About: My name is Randy and I am a Community Manager in these here parts. In a previous life I had founded and run the Instructables Design Studio (RIP) @ Autodesk's Pier 9 Technology Center. I'm also the author of t…

Here are instructions to do some basic hacks to the theremin kit that you can buy from Make. True, there are already directions to do both of these things in the accompanying magazine, but what sets this how-to apart is that it is in English. If like me you can't read Japanese and unlike me, you couldn't figure out what to do from the pictures alone, this should help.

Basically, what I am doing is adding an audio out jack and also a bigger, sturdier telescoping antenna. This is a great improvement on the original.

Step 1: Go Get Stuff

You will need:
Gakken Theremin Kit (from Make)
A power drill
A mini screwdriver set
A mono jack with switch
Something with a telescoping antenna
A solder setup
Some extra wire
Assorted hardware

Step 2: Make the Kit

Before you can hack the kit, make it! See if it works. See how it works. Determine if you really want to make it better.

Alright, let's now assume that you do.

Step 3: Open It Back Up

Alright, lets make this thing better!

First thing is first, we need to open that theremin back up.

Remove the screw in the bottom and take the casing apart.

Step 4: Drill and Install

Drill a 1/4" hole in the back of the theremin just to the right of the speaker. This will be for mounting your audio out jack. I found holding the panel in place where it should be helped me to drill it on target. You should not do this. Always clamp things down and be safe when working with power tools.

Once you have your hole drilled, mount and fasten the jack in place.

Step 5: Wire It Up

Now is time to wire up the jack. This may require adding in a little extra wire.

First wire SP- (the wire on the right) to both the audio signal tab on the jack and the minus tab on the speaker (where it was just connected). Or, to put another way, wire the audio signal tab on the jack to SP- and the minus tab on the speaker.

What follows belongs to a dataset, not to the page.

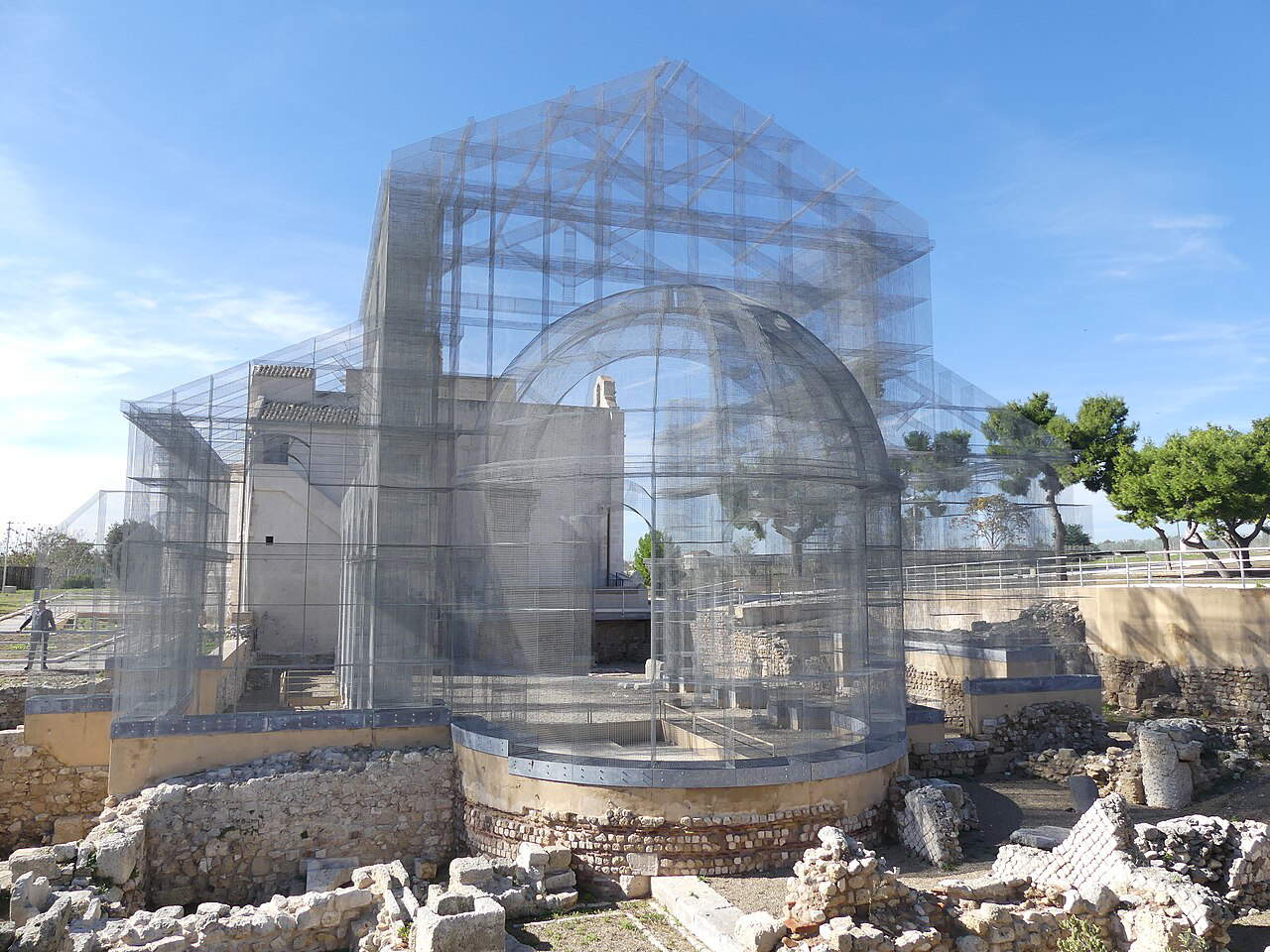 Area archeologica di Siponto. Foto: Wiikimedia/Ben&icirc;ot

Then wire the SP+ wire (the wire on the left) to the tab that connects to the big rounded metal bit on the back of the jack. Wire the + terminal on the speaker to the only other free jack (the tab that connects to the the little metal switch on the inside of the jack). This will turn off the speaker (break the connection) when someone plugs in an audio cable.

Step 6: Get a New Antenna

Take your "something with a telescoping antenna" and remove the telescoping antenna.

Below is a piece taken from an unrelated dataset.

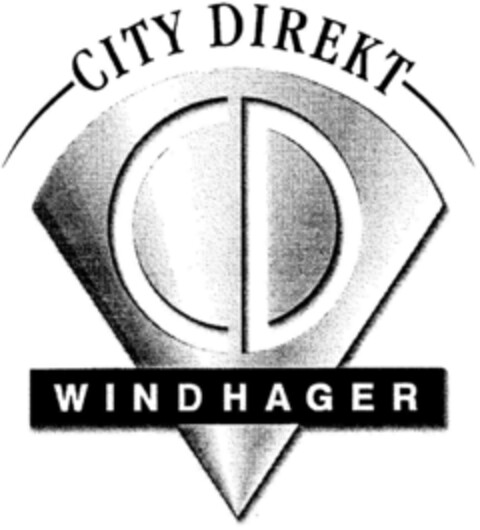CITY DIREKT WINDHAGER Logo (DPMA, 09/10/1996)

If it does not have a wire and piece of hardware on the end that will clamp nicely under a screw, you may want to attach one.

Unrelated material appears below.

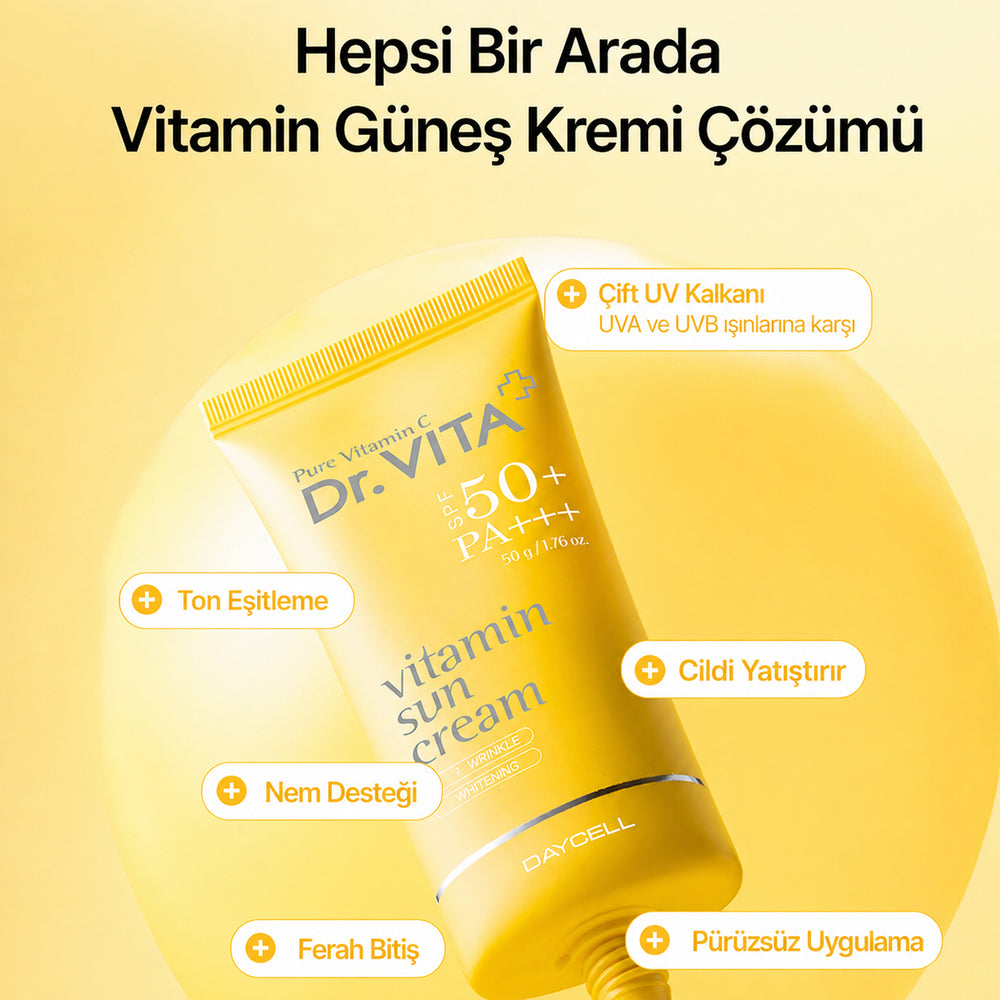 [DAYCELL] Dr.VITA⁺ Vitamin Suncream 50gr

Step 7: Attach the Antenna to the Case

Insert the antenna into the case and secure it in place.

I drilled a small hole in the side and held it in place with a spacer and a machine screw.

Step 8: Wire the Antenna

Detach the old antenna by removing the screw and clamp in the new antenna in its place.

Step 9: Close the Case

Hot glue any exposed wires in place so that they won't touch anything and short out (and/or insulate them).

Also, chop off any part of the plastic inside the case that may interfere with it closing.

Once you have done all of this, close the case back up and reassemble it by inserting the single screw back into the bottom, putting in some batteries and closing it back up.